We would be remiss if we failed to mention perhaps the most important contemporary rapper in the fashion world, A$AP Rocky. There are arguments for Kanye West to take this throne, but his new position as a designer puts him in a gray area of influence, existing in both spheres simultaneously and as a result fully in neither. Rocky spat a seminal line on his breakout song “Peso”,
“... Raf Simons, Rick Owens usually what I’m dressed in.”

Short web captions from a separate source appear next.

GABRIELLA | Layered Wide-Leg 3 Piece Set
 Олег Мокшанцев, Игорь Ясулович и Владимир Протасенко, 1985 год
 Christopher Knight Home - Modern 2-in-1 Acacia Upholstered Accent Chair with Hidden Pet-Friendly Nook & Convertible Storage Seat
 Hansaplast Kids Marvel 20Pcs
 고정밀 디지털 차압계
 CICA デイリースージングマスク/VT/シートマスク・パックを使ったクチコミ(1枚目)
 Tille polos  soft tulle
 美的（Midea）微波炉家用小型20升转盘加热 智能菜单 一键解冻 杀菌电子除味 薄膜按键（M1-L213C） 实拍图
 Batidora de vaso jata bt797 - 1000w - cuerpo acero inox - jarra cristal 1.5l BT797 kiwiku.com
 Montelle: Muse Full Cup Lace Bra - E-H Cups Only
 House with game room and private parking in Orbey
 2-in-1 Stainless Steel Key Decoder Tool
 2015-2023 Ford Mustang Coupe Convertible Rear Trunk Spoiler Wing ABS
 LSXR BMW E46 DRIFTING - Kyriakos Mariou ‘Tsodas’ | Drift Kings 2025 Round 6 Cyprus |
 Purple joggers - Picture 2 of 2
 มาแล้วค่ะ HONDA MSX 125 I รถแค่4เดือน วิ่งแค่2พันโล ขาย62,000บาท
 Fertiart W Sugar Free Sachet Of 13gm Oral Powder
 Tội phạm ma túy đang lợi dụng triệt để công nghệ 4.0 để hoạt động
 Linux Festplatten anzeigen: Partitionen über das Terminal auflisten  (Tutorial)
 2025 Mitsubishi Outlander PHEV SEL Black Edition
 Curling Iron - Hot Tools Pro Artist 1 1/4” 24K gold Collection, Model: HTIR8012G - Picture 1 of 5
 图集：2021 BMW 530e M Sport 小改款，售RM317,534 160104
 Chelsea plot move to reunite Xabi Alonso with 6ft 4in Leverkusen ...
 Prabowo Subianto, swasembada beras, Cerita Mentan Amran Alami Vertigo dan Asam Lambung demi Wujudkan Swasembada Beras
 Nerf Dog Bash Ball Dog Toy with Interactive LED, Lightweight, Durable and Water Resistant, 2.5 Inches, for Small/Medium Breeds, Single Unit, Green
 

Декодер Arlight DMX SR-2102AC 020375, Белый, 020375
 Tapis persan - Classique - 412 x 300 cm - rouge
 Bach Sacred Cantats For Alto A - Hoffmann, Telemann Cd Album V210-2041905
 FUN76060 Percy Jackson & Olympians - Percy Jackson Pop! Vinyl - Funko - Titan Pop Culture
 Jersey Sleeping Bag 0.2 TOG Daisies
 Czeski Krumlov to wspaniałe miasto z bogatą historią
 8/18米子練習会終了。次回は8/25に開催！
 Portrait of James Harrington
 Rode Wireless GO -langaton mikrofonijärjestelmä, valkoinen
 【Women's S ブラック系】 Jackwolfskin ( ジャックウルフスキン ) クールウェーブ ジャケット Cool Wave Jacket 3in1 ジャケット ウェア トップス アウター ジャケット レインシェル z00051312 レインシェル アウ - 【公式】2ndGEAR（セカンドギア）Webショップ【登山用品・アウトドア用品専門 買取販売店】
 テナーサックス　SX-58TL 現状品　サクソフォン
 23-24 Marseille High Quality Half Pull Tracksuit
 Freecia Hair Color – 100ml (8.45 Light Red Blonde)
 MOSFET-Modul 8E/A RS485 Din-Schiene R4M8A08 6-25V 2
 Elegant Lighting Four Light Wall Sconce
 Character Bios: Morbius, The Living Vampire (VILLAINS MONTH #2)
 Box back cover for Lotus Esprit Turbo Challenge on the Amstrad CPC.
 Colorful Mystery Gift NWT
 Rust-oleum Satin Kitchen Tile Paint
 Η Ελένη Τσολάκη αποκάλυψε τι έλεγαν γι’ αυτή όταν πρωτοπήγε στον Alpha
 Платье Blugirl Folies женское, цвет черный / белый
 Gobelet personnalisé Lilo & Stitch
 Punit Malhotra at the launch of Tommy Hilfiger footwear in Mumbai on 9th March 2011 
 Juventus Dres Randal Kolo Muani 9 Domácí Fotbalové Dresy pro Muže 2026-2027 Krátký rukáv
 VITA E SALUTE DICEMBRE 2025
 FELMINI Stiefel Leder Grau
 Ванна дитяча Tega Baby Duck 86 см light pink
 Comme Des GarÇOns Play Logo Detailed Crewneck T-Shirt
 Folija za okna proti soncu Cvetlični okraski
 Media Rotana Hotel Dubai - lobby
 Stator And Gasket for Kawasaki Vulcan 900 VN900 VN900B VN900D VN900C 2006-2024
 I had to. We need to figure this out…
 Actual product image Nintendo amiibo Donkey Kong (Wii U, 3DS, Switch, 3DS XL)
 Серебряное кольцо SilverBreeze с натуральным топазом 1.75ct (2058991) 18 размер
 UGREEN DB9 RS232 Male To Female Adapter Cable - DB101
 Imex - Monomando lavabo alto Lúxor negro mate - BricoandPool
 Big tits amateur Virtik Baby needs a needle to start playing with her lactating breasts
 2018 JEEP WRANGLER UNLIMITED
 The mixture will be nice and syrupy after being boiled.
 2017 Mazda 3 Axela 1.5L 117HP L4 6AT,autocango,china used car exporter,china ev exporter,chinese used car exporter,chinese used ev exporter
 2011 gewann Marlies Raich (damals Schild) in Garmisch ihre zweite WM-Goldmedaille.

Here was a rapper referencing two avant-garde brands that most people had never heard of prior. He would later release “Fashion Killa” which would name-drop a whopping twenty seven high fashion brands, from household names like Versace to obscure designers like Damir Doma. His in-depth knowledge of fashion and massive popularity would see him attract the attentions of several labels. He modeled for Dior and was seen seated at countless runway shows. His fans took note as well, beginning to step up streetwear outfits by including Givenchy shirts, Rick Owens boots, and other luxury items. Those two worlds were now dangerously close, and something had to happen.
Then it did.
Louis Vuitton, a brand known for monogram bags, collaborated with Supreme. Here was the acknowledgement so many had waited for. Streetwear and high-fashion were on a level, they had made contact. Although it would never make up for the decades of ignorance and appropriation, it was a first step, and a sign of what was to come. Other high-fashion brands had long since integrated with streetwear, HBA & Off-White come to mind, but never the old guard, and never a collaboration like this.
Hip-hop had taken the distant, disinterested world of high fashion and made it visible to the masses, to whom the artists spoke, whose dreams they represented. Finally, fashion seems to be returning the favour and with the precedent of Louis Vuitton and Supreme, no-one knows what may come next.